Every semester, planning a timetable is usually an annoying task. Many considerations go into planning an efficient timetable. Have you ever asked yourself

Do I have time for meals? Can I get from SoC to U-Town in time? Is my free day worth taking 6 hours straight of lessons?

If so, don't trouble yourself, this app is for you!

What it does

NUSoptimizer allows the user to plan his timetable easily with just a few clicks. The user need only enter the modules he's taking, and the app will use the NUSMODS API to generate an efficient timetable, retrieving all lesson times and assigning them to slots, taking into account things like travel distance, length of day, breaks and free days.

How we built it

The entire app is built upon Javascript and HTML/CSS.

We split the program into 3 different parts for each of the team members. The first part is the GUI, where the users can interact and plan their timetables. The second part is the API for capturing the various timetables of different modules that users request for. The last is the optimisation function.

The GUI was built similar to's format, which is a timetable with all the lessons blocked out. We liked it since it was intuitive to understand the timetables assigned, so we adapted their style for our program.

We made use of a bootstrap framework called Foundation by Zurb (, which combines Sass (the CSS preprocessor), jQuery, and Grunt together for really easy workflow. Javascript and Sass files are combined and minified on the go with the help of Grunt runner, to minimise HTTP requests and overhead. At the same time, we made extensive use of jQuery and jQuery UI with its powerful library to handle events and user interaction.

We also made extensive use of NUSMods' API (, to retrieve module information.

Lastly, the optimisation function takes the module data, and chooses timetables based on certain heuristics, such as ease of travel, number of free days, as well as the amount of breaks. Instead of brute-forcing all the scenarios which will take a long time, we used a probabilistic method to find good-enough optimisations, allowing for acceptable timetables in a short time, rather than a marginally better one for a much longer time.

Challenges we ran into

We ran into countless problems along the way, but we were glad to overcome/work around most of them. The biggest problem we faced was the asynchronous nature of AJAX requests, and working to make multiple AJAX calls simultaneously, while making sure that our code stayed elegant and not running into callback hell.

Accomplishments that we're proud of

Being able to complete a full-blown project in just 24 hours!!! :)

What we learned

In school assignments, we've always been learning how to program alone, in our own ways and styles. However, in this project, we all have different skills, such as experience with JQuery, or coming up with optimisation algorithms, and we have to bring all our skills together in one project. In this project, we had to learn how to program different parts of site such that it is easy to "assemble" as one coherent tool. There were some hitches along the way, for instance adapting procedural code into asynchronous code in JQuery, but overall we managed to make a working prototype for the project.

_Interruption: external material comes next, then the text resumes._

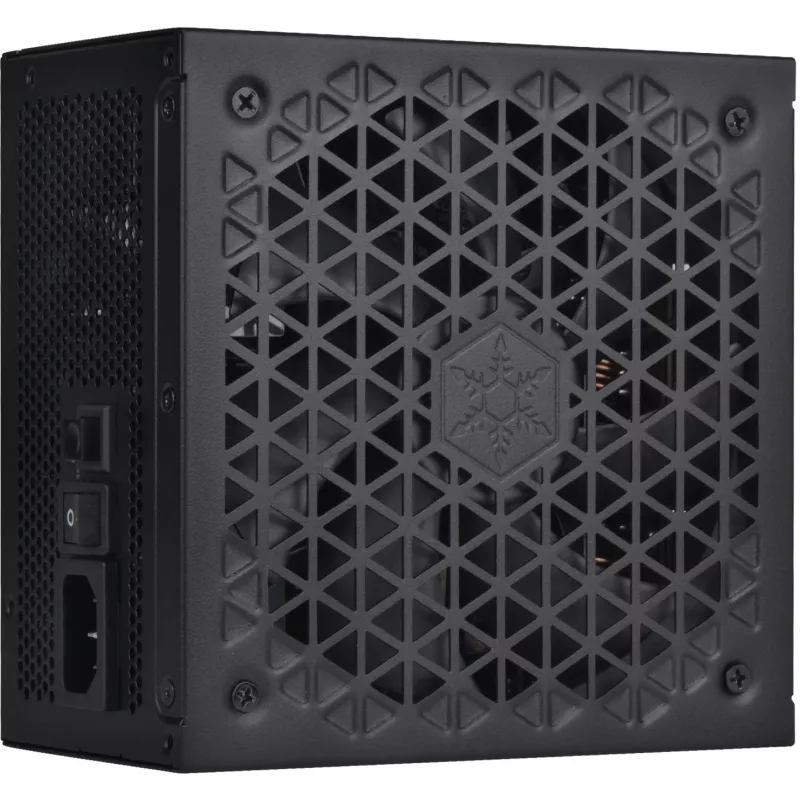 e HELA 1200R Platinum - maitinimo blokas - Cybenetics Platinum PCIe 5.0 visiškai modulinis (SST-HA1200R-PM)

What's next for NUSoptimeizer

NUSoptimeizer is meant for all NUS students to help them save time in coming up with their semesters' timetables, as well as timetable contingency plans. Various heuristics such as free days, ease of travel and meal timings are all visualized to help students choose a timetable that is just right for them, minus the hassle of figuring it all out.

NUSoptimeizer is also coded in an adaptable format such that it is easy for other people to make use of the very same code to plan their own university timetables. We hope that NUSoptimeizer doesn't remain for NUS students alone, but becomes a platform for others to benefit from too.